### Exercise requirements
Copy all lines below exactly as written. Leave pictures out.

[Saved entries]
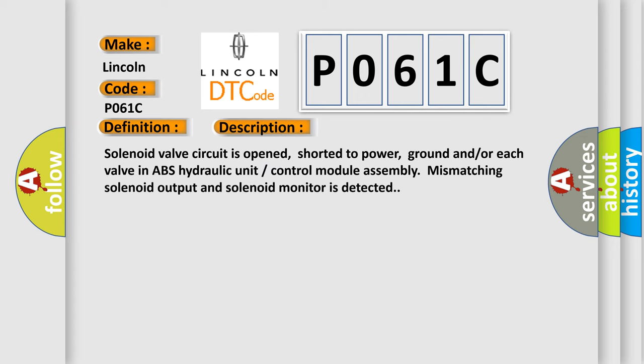Solenoid valve circuit is opened, shorted to power, ground, and/or each valve in ABS hydraulic unit control module assembly. Mismatching solenoid output and solenoid monitor is detected.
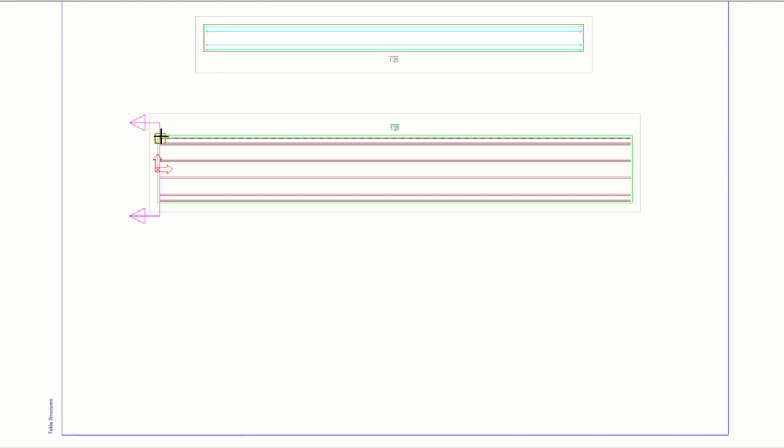Then, click another two points to define the direction and depth of the section view. Finally, click the position where you want to place the section view.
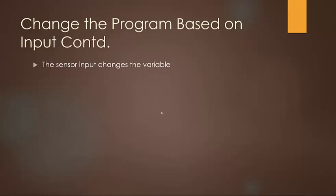So obviously the sensor input changes the variable, but the question is which sensors make the most sense? Well, EV3 buttons make the most sense to use as our input simply because it's what we've been using for navigating your menus and changing your programs anyways.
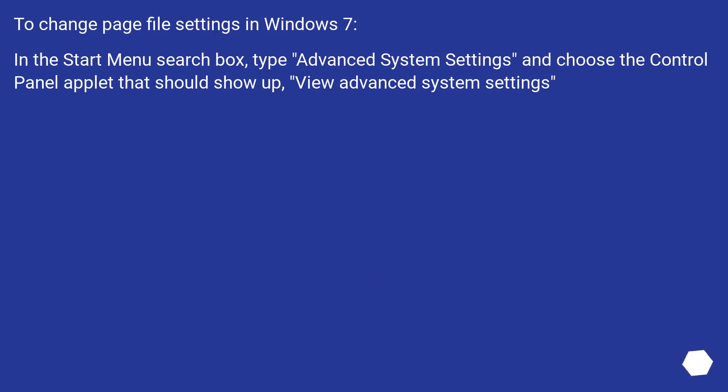To change page file settings in Windows 7: In the Start menu search box, type Advanced System Settings and choose the control panel applet that should show up, View Advanced System Settings.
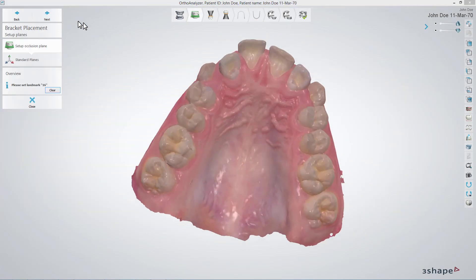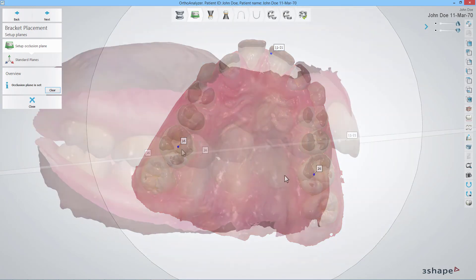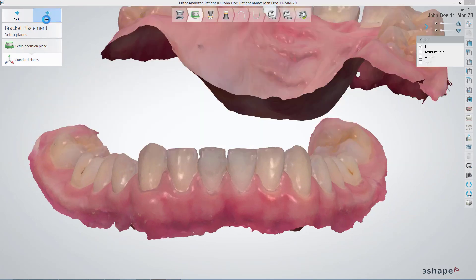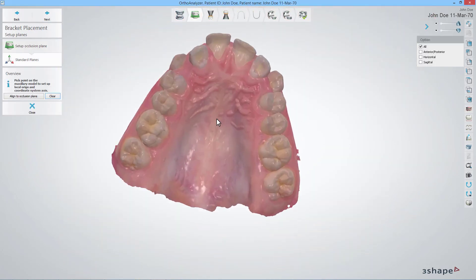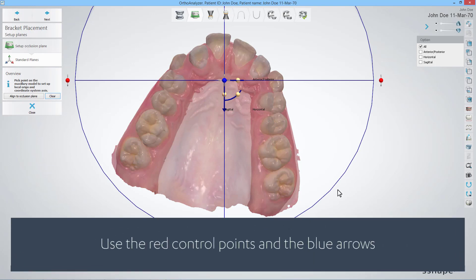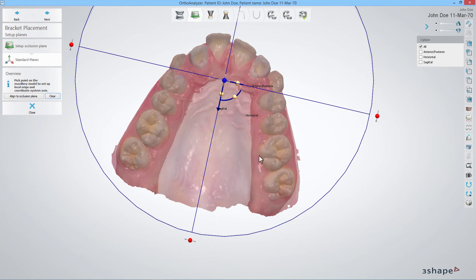Here you are able to set up occlusion plane and standard planes. First, follow the instructions on the left, clicking on the specific teeth to place landmarks on them. This will create an occlusion plane. In the standard plane step, click on the model to pick a starting point for the local origo and coordinate system axis. Now, use the control points and blue arrows to set the axis — just hold down the left mouse button and move the mouse to move them.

### Completed task
Solenoid valve circuit is opened, shorted to power, ground, and/or each valve in ABS hydraulic unit control module assembly. Mismatching solenoid output and solenoid monitor is detected.
Then, click another two points to define the direction and depth of the section view. Finally, click the position where you want to place the section view.
So obviously the sensor input changes the variable, but the question is which sensors make the most sense? Well, EV3 buttons make the most sense to use as our input simply because it's what we've been using for navigating your menus and changing your programs anyways.
To change page file settings in Windows 7: In the Start menu search box, type Advanced System Settings and choose the control panel applet that should show up, View Advanced System Settings.
Here you are able to set up occlusion plane and standard planes. First, follow the instructions on the left, clicking on the specific teeth to place landmarks on them. This will create an occlusion plane. In the standard plane step, click on the model to pick a starting point for the local origo and coordinate system axis. Now, use the control points and blue arrows to set the axis — just hold down the left mouse button and move the mouse to move them.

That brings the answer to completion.